What you will do: Reproduce the first line of the material below and each line after it, exactly, through the line containing "2010 Toyota Camry Le - Фото 4", and give nothing more.

Supplied material:
■ ■ ■
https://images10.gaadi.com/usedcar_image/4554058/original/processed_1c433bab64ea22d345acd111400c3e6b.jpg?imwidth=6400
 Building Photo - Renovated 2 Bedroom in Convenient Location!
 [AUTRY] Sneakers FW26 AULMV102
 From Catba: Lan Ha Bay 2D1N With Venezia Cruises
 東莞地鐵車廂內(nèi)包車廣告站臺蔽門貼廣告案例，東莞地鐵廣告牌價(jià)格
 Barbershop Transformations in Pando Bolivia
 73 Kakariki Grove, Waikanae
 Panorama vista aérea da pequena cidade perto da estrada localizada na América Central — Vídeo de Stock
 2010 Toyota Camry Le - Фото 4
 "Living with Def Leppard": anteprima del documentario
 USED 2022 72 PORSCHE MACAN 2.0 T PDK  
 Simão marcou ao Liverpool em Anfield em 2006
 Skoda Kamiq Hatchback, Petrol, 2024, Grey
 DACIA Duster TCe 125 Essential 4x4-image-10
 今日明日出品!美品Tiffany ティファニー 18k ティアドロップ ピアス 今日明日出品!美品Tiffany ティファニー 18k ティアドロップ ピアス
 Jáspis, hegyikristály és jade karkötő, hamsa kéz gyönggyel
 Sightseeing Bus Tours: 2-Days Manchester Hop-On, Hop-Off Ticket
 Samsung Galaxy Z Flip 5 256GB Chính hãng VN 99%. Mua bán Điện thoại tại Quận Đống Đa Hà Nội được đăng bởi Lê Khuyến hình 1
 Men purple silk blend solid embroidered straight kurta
■ ■ ■
Response below:
https://images10.gaadi.com/usedcar_image/4554058/original/processed_1c433bab64ea22d345acd111400c3e6b.jpg?imwidth=6400
 Building Photo - Renovated 2 Bedroom in Convenient Location!
 [AUTRY] Sneakers FW26 AULMV102
 From Catba: Lan Ha Bay 2D1N With Venezia Cruises
 東莞地鐵車廂內(nèi)包車廣告站臺蔽門貼廣告案例，東莞地鐵廣告牌價(jià)格
 Barbershop Transformations in Pando Bolivia
 73 Kakariki Grove, Waikanae
 Panorama vista aérea da pequena cidade perto da estrada localizada na América Central — Vídeo de Stock
 2010 Toyota Camry Le - Фото 4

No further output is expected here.